Due to paucity of experimental data at high pressure and high temperature conditions, a series of experiments have been performed to measure the density of both liquid and vapor phases of water/CO2 system from 382 K to 478 K and pressures from 3.48 MPa to 129 MPa. In order to measure the mass of water and volume of gas in the vapor phase, in each experiment the vapor phase of an L-V equilibrium system is transferred to an equilibrium flash separator equipped with a desiccant and a gasometer. The gas volume is converted to density based on the ideal behavior of gases at standard conditions. The density of the liquid phase is directly measured by a densitometer.

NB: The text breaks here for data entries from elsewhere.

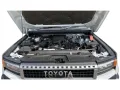 Toyota Land Cruiser 2.7 RHD 7 SEATS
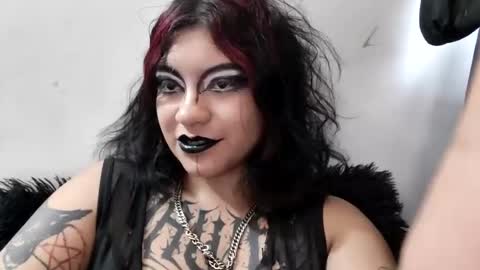 Annie online show from 02/13/26, 09:22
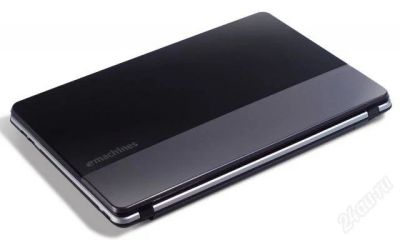 Лот: 747339. Фото: 1. Acer eMachines E730G. Ноутбуки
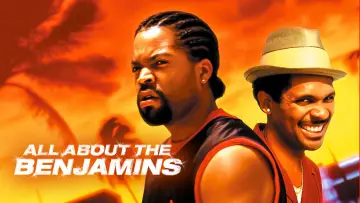 Backdrop to the movie "All About the Benjamins" #1063629
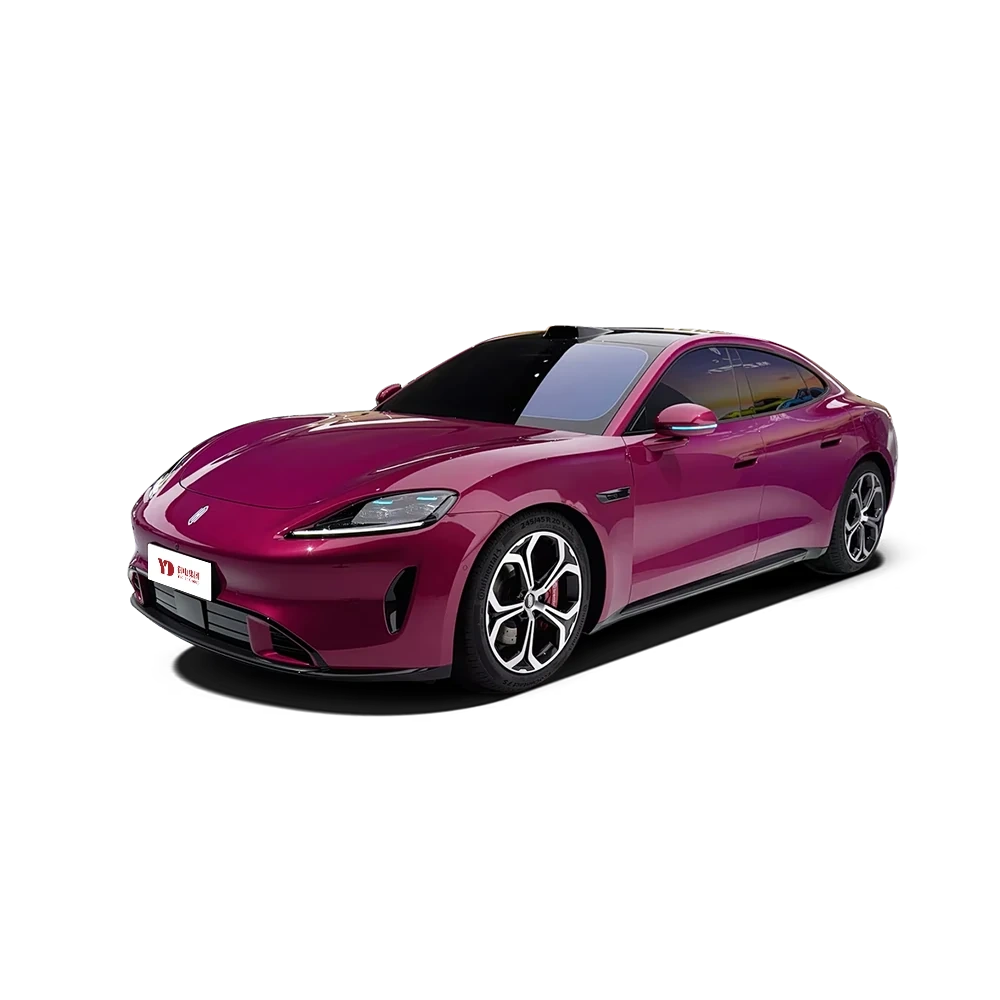 Shangjie Z7,YDchinauto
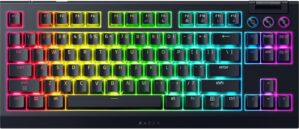 Razer BlackWidow V4 TKL HyperS...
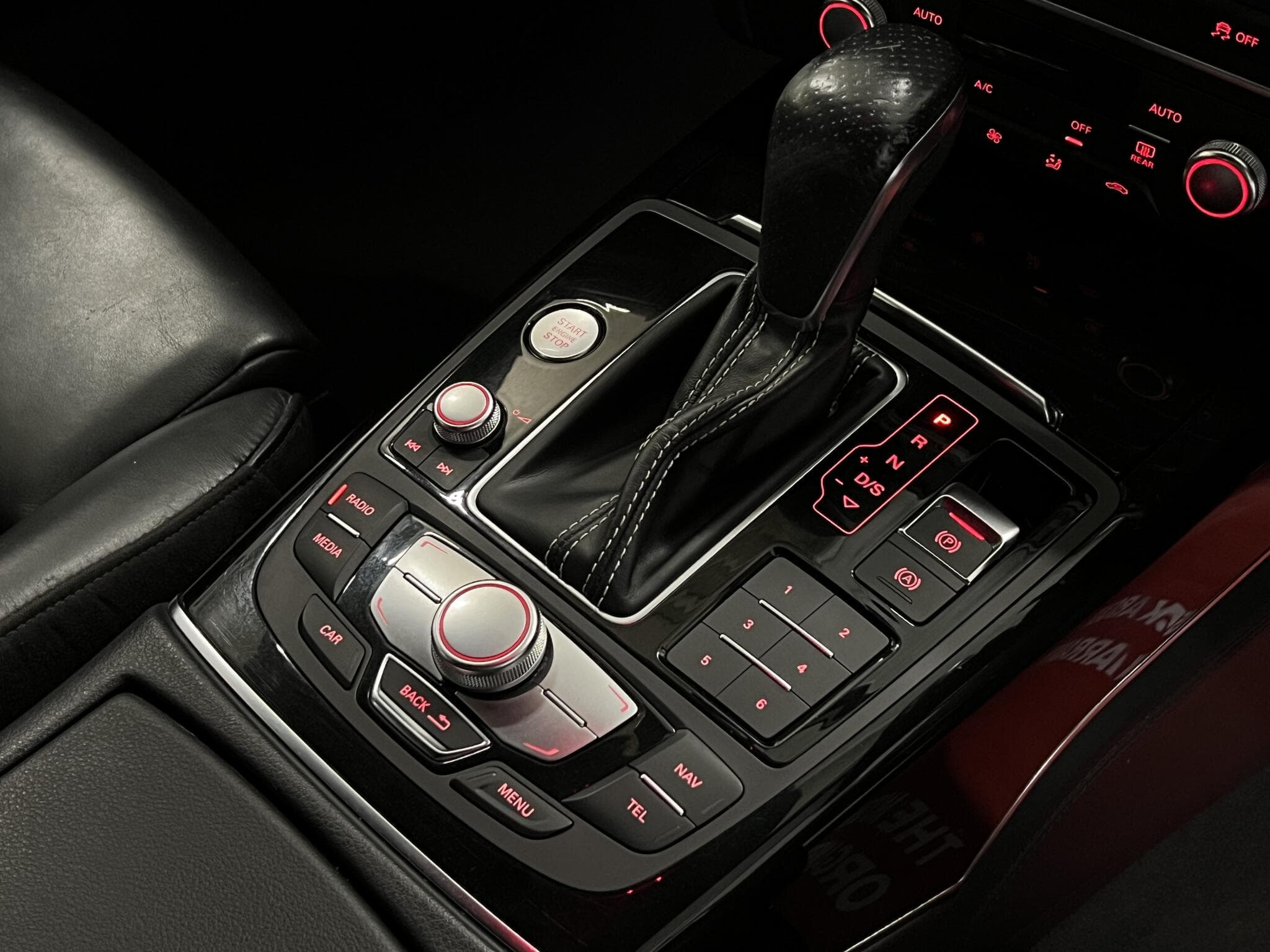 2017 Audi A6 Avant - Thumbnail 34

In addition, a "Two-fluid Model?? consisting of the Cubic-Plus-Association equation of state (CPA EOS) and the Henry's law is implemented in phase equilibrium modeling of this system to predict the density of both phases. A comparison between our experimental data, literature data and the results of the model shows the reliability of this model for density prediction of L-V phases of water-CO2 system over a wide range of pressure and temperature conditions.
The phase behavior of the water-CO2 system is a subject of great importance in chemical and petroleum industries. CO2 related enhanced oil recovery; CO2 sequestration in aquifers and oceans; extraction and purification processes based on supercritical fluids such as CO2 and also waste treatment of industrial liquids are chemical and petroleum engineering subjects dealing with the phase behavior of water-CO2 mixture.
For example, dissolution of CO2 in brine causes an increase in the density of brine and as a result, natural convection takes place in the aquifer. This process significantly accelerates the rate of dissolution of CO2 in the water and decreases the time scale of the CO2 storage in the aquifers. Therefore, accurate density data for the CO2-water system are required to better model the storage of CO2 in the aquifers or oceans. In CO2-related enhanced oil recovery, the injected CO2 could be dissolved in the connate water and aquifer and therefore the amount of CO2 in the reservoir decreases which could affect the recovery of in-situ oil (Ji et al., 2005).
There are some experimental density data for both saturated vapor and liquid phases of the water-CO2 system in the literature. King et al. (King et al., 1992) have reported the density of the water-rich phase at 288. 15 K, 293.15 K, and 298.15 K from 6.08 MPa to 24.32 MPa. Density of the water-saturated CO2 phase is reported by Fenghour et al. (Fenghour et al., 1996) from 405 K to 613 K. Yaginuma et al. (Yaginuma et al., 2000) measured the saturated density of both vapor and liquid phases at 304.1 K in vapor-liquid and vapor-liquid-liquid equilibria. More density data of CO2-saturated water have been published by Tegetmeier et al.